Scraped caption text data
_ _ _

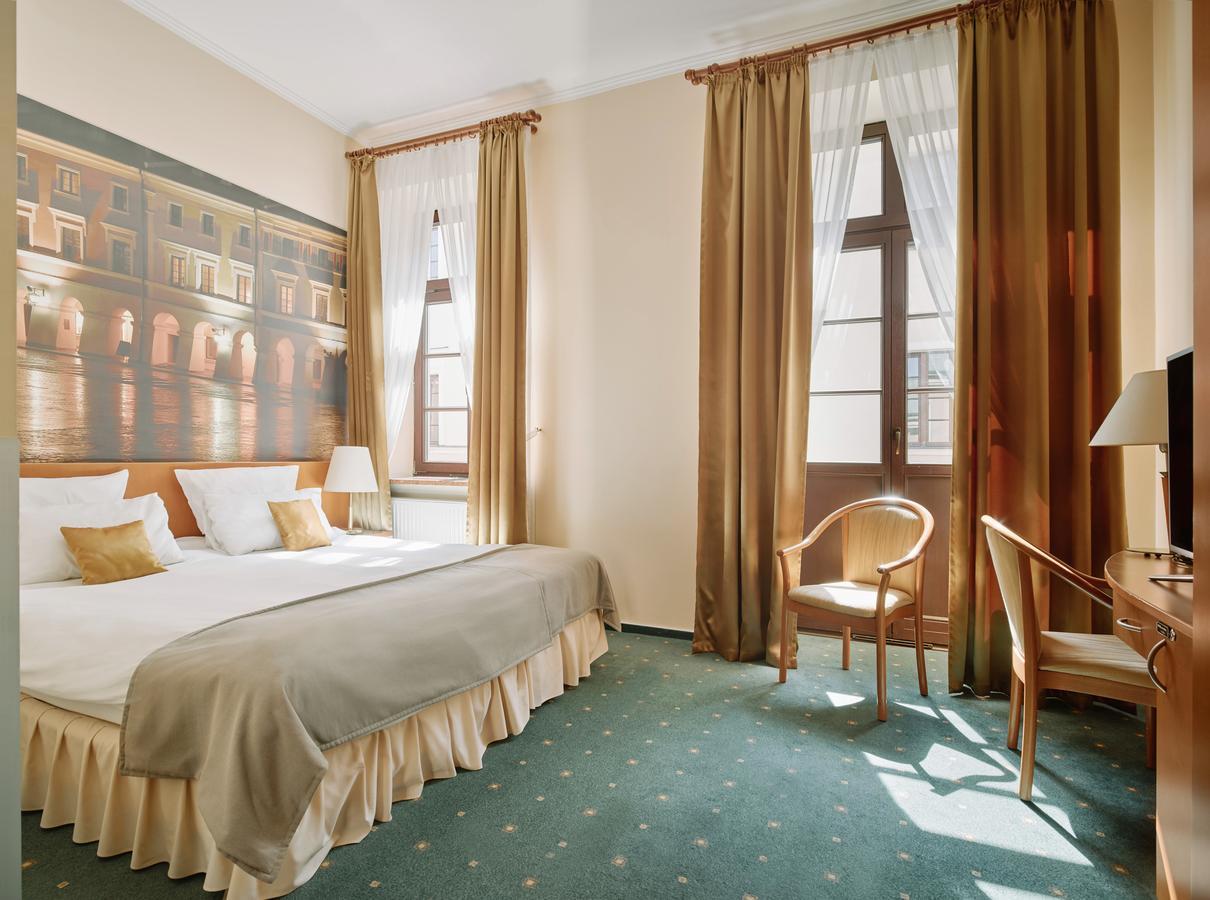 Hotel Zamojski Zamość Dış mekan fotoğraf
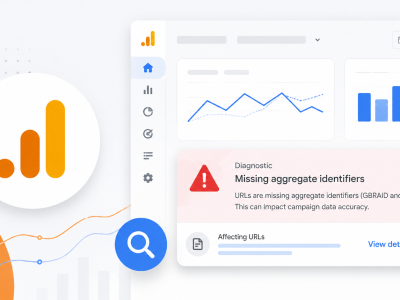 Google Analytics aprimora diagnósticos de campanhas para identificar falhas de atribuição
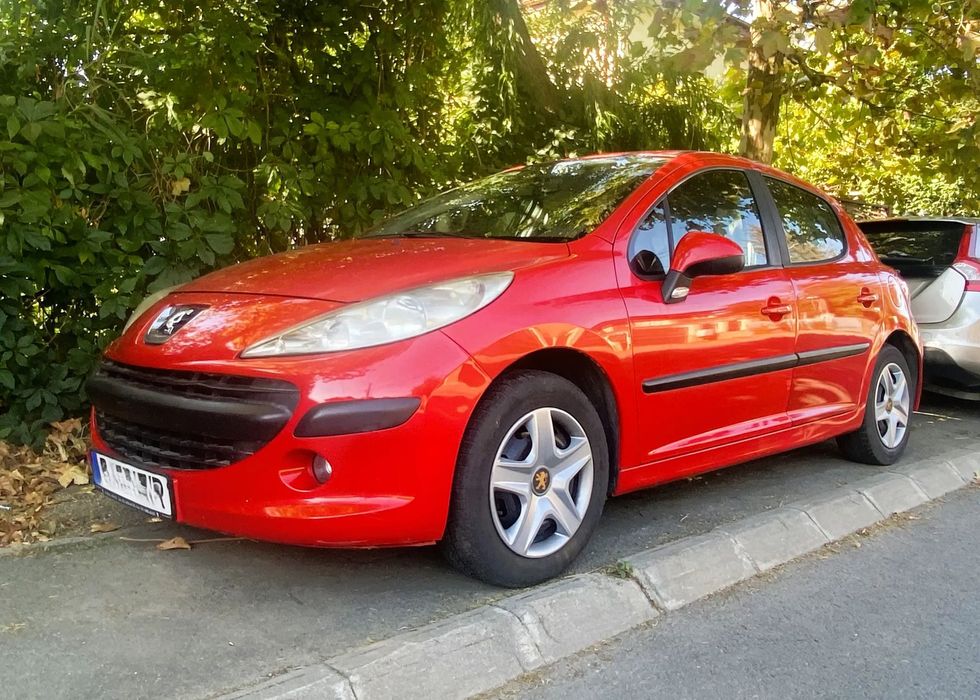Peugeot 207 Peugeot 207 1.4 HDI 2007 Primul proprietar 195.010 km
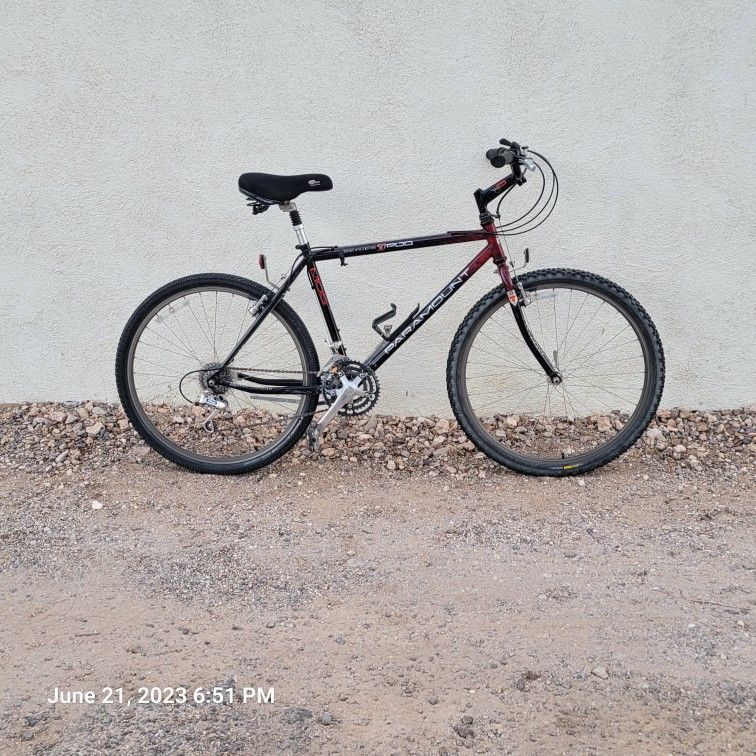 Vintage Schwinn Paramount Series 50 PDG Mountain Bike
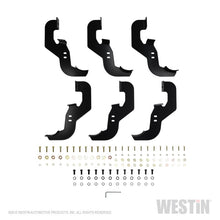 Load image into Gallery viewer, Westin Chevrolet Silverado/Sierra 1500 Crew Cab Non LD PRO TRAXX 4 Oval Nerf Step Bars - Black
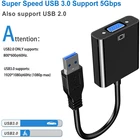 Vga Vga Vga To Usb Flash Cable Vga To Usb Cable Rt809H Vga To Usb Cable
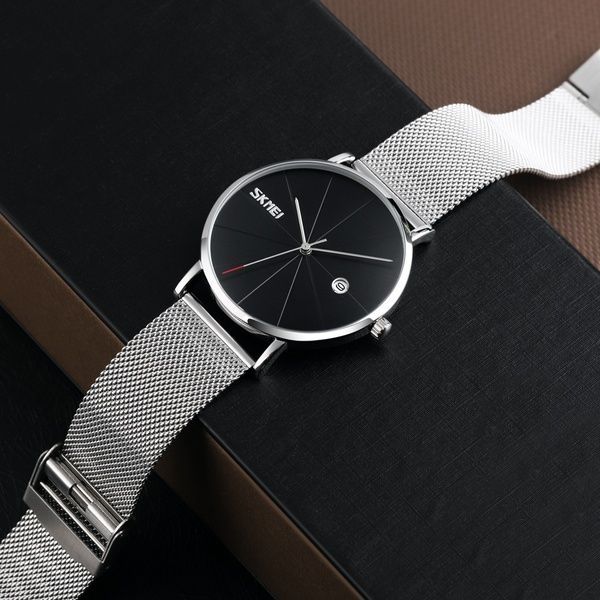 Skmei 9183SIBK Silver-Black 1080-1221 фото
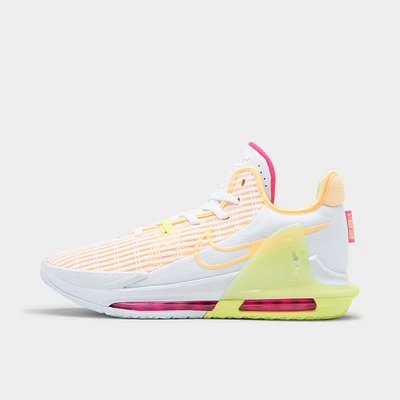 Nike LeBron Witness 6 White / Light Lemon Twist - Melon Tint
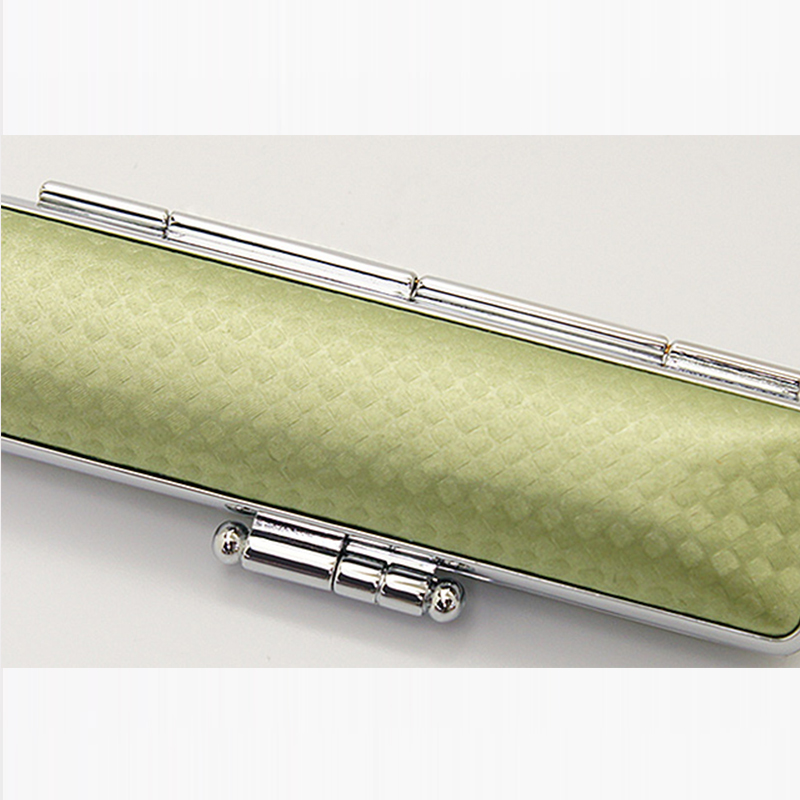 印鑑ケース シャンパンカラー印鑑ケース シャンパングリーン 10.5-12.0mm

_ _ _

[WORK TASK]: When you reach the line with "Peugeot 207 Peugeot" in the records above, start writing out each line exactly, and stop after the line with "Load image into". Pictures stay out.

[ANSWER TO THE EXERCISE]:
Peugeot 207 Peugeot 207 1.4 HDI 2007 Primul proprietar 195.010 km
 Vintage Schwinn Paramount Series 50 PDG Mountain Bike
 Load image into Gallery viewer, Westin Chevrolet Silverado/Sierra 1500 Crew Cab Non LD PRO TRAXX 4 Oval Nerf Step Bars - Black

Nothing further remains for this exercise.